▶ Exercise aim
Every record below needs to be written out exactly, apart from the pictures.

= = = =

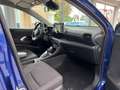 Toyota Yaris 1.5 Hybrid Dynamic |Carplay|Led|Camera|Clima| Bleu - thumbnail 7
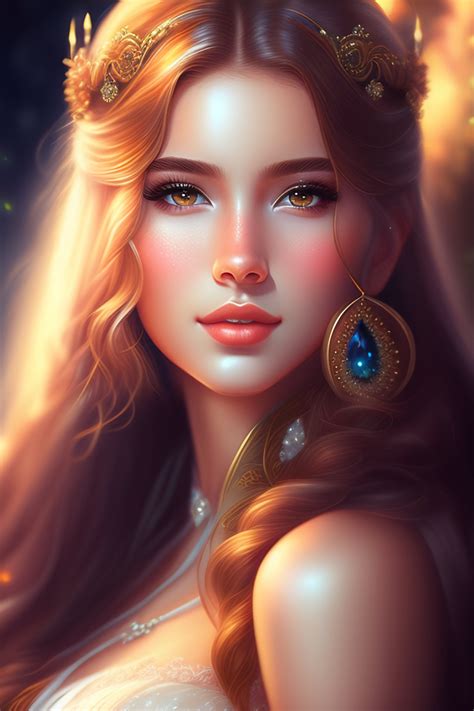 Beautiful Art Girl Artist Hd Wallpaper Pxfuel - vrogue.co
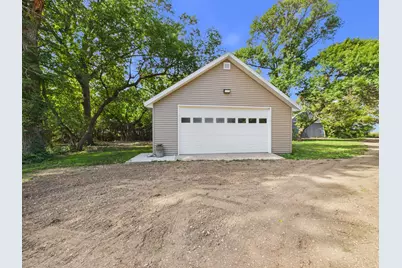 1255 40th Street SE, Murdock, MN 56271 - Photo 32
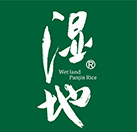 锦珠米业3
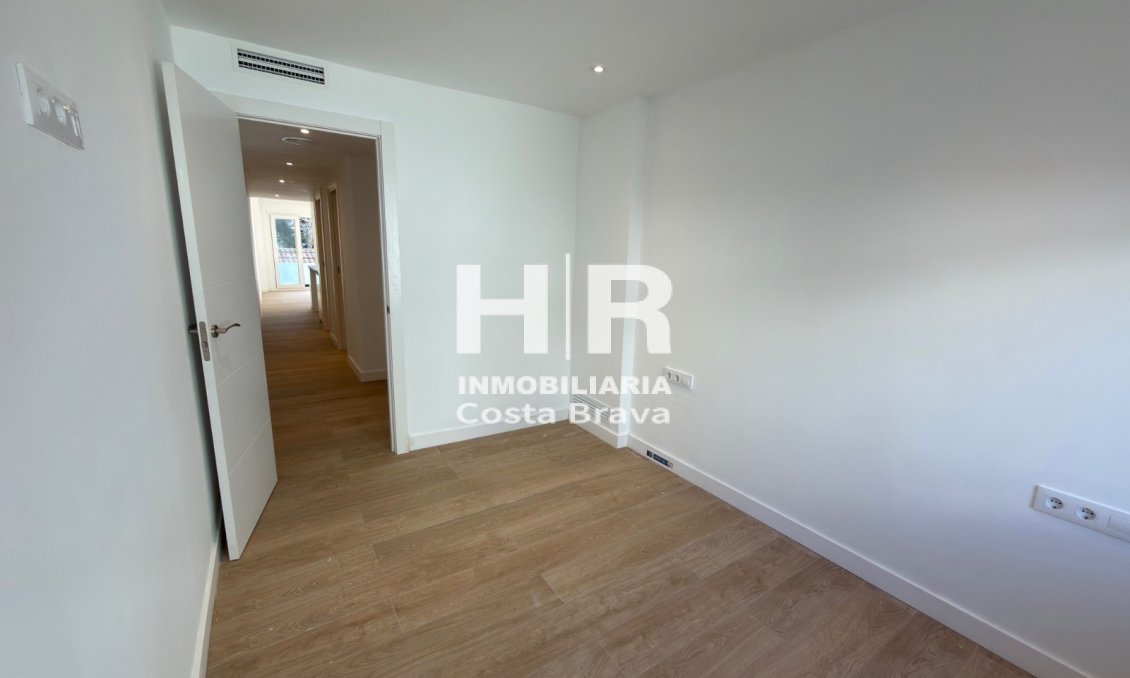 Venda - Apartamento / piso - Sant Antoni De Calonge - Centro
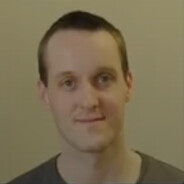 peterbot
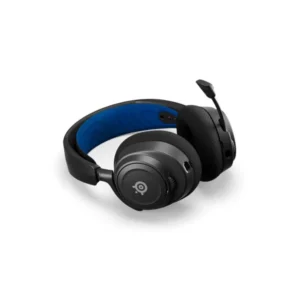 SteelSeries Arctis Nova 7P Multi-Platform Wireless Gaming Headset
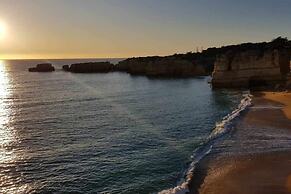 Albufeira 5 Minutes to the Beach 41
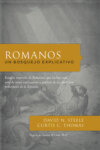 Romanos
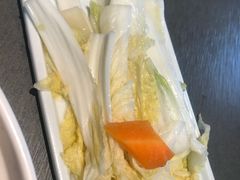 -日上三甘(三里屯店)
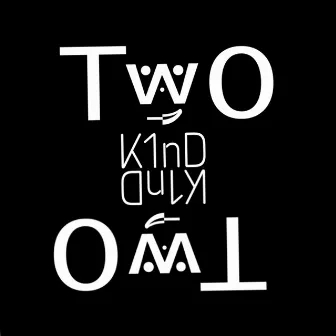 Two WiSh by TwO K1nD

= = = =

▶ Exercise result
 Toyota Yaris 1.5 Hybrid Dynamic |Carplay|Led|Camera|Clima| Bleu - thumbnail 7
 Beautiful Art Girl Artist Hd Wallpaper Pxfuel - vrogue.co
 1255 40th Street SE, Murdock, MN 56271 - Photo 32
 锦珠米业3
 Venda - Apartamento / piso - Sant Antoni De Calonge - Centro
 peterbot
 SteelSeries Arctis Nova 7P Multi-Platform Wireless Gaming Headset
 Albufeira 5 Minutes to the Beach 41
 Romanos
 -日上三甘(三里屯店)
 Two WiSh by TwO K1nD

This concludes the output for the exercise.